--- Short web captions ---
== Segment start ==

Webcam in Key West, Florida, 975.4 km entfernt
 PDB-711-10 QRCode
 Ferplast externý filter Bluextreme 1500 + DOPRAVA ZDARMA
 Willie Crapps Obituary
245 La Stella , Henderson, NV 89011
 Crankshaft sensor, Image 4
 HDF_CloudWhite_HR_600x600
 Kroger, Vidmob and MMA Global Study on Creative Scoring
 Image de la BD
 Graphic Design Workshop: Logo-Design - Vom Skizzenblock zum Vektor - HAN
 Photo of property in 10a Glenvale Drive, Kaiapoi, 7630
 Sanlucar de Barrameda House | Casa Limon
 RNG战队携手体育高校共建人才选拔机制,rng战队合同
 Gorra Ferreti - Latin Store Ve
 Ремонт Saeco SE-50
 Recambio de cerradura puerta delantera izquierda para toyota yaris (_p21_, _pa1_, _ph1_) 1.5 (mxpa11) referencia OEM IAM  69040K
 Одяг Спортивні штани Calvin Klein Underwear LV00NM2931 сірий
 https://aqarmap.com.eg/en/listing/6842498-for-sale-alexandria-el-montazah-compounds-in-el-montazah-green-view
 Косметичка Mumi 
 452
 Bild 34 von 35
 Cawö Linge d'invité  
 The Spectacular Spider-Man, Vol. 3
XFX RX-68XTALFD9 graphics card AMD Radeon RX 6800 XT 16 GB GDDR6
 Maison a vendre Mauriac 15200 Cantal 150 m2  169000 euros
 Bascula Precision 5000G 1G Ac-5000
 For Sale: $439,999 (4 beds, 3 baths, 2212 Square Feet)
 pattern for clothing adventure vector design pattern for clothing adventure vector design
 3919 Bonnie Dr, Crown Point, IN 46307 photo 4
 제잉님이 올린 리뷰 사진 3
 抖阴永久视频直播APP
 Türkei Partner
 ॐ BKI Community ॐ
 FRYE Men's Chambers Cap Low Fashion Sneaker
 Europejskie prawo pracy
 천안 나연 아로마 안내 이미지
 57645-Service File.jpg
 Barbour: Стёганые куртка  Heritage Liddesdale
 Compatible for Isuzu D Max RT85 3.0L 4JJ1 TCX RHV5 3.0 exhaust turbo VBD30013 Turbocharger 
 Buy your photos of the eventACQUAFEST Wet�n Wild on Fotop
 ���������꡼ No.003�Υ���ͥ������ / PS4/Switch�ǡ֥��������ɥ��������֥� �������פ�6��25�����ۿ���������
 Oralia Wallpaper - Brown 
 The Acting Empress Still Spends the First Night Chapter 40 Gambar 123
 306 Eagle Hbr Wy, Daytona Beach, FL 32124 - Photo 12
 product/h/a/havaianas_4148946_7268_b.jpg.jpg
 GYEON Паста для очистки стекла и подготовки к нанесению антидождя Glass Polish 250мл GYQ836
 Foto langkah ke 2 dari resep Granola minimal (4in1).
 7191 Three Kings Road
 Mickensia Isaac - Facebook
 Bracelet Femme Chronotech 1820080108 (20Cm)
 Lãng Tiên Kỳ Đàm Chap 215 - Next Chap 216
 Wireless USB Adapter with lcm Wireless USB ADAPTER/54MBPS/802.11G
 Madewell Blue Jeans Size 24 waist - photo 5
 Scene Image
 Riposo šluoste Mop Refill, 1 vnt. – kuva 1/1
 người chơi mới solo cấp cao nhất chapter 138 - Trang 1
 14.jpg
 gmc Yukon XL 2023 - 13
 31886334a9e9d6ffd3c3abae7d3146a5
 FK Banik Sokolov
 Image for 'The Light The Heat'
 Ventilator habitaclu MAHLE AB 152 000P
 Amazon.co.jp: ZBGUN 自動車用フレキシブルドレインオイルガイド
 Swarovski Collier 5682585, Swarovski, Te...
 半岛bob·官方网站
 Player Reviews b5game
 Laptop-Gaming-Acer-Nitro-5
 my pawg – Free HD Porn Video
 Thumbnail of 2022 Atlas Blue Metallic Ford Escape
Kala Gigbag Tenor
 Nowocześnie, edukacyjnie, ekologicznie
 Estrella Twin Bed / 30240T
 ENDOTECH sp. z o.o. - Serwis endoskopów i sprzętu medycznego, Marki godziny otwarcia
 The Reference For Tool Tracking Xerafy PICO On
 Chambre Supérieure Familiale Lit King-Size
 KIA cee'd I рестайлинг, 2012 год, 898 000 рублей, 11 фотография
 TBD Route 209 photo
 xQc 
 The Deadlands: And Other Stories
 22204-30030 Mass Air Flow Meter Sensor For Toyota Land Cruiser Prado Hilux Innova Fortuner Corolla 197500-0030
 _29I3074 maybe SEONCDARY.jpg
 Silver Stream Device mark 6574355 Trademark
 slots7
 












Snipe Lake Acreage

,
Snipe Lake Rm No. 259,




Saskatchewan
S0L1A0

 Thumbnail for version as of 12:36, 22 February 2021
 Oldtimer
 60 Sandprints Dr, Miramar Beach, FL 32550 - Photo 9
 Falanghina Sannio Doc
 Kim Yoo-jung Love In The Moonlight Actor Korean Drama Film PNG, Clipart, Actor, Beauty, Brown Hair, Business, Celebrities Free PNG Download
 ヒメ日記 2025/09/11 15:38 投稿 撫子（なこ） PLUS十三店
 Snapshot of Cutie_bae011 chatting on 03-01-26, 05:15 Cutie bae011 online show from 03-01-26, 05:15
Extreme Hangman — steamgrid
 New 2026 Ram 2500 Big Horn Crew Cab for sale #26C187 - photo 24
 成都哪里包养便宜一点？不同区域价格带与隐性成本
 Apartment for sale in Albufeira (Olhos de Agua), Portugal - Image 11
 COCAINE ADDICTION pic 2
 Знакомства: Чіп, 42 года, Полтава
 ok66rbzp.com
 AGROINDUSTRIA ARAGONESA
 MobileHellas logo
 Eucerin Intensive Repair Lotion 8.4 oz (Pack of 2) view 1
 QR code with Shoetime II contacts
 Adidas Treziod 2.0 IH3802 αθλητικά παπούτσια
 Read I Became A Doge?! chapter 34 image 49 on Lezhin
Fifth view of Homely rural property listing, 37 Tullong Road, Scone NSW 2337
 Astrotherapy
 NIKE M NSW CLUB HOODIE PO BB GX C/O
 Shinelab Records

== Segment end ==

--- WORK TO COMPLETE ---
Among the records above, extract exactly the lines from the line with "57645-Service File.jpg" to the line with "GYEON Паста для", both lines included, and leave out the rest.

--- SOLUTION TO THIS TASK ---
 57645-Service File.jpg
 Barbour: Стёганые куртка  Heritage Liddesdale
 Compatible for Isuzu D Max RT85 3.0L 4JJ1 TCX RHV5 3.0 exhaust turbo VBD30013 Turbocharger 
 Buy your photos of the eventACQUAFEST Wet�n Wild on Fotop
 ���������꡼ No.003�Υ���ͥ������ / PS4/Switch�ǡ֥��������ɥ��������֥� �������פ�6��25�����ۿ���������
 Oralia Wallpaper - Brown 
 The Acting Empress Still Spends the First Night Chapter 40 Gambar 123
 306 Eagle Hbr Wy, Daytona Beach, FL 32124 - Photo 12
 product/h/a/havaianas_4148946_7268_b.jpg.jpg
 GYEON Паста для очистки стекла и подготовки к нанесению антидождя Glass Polish 250мл GYQ836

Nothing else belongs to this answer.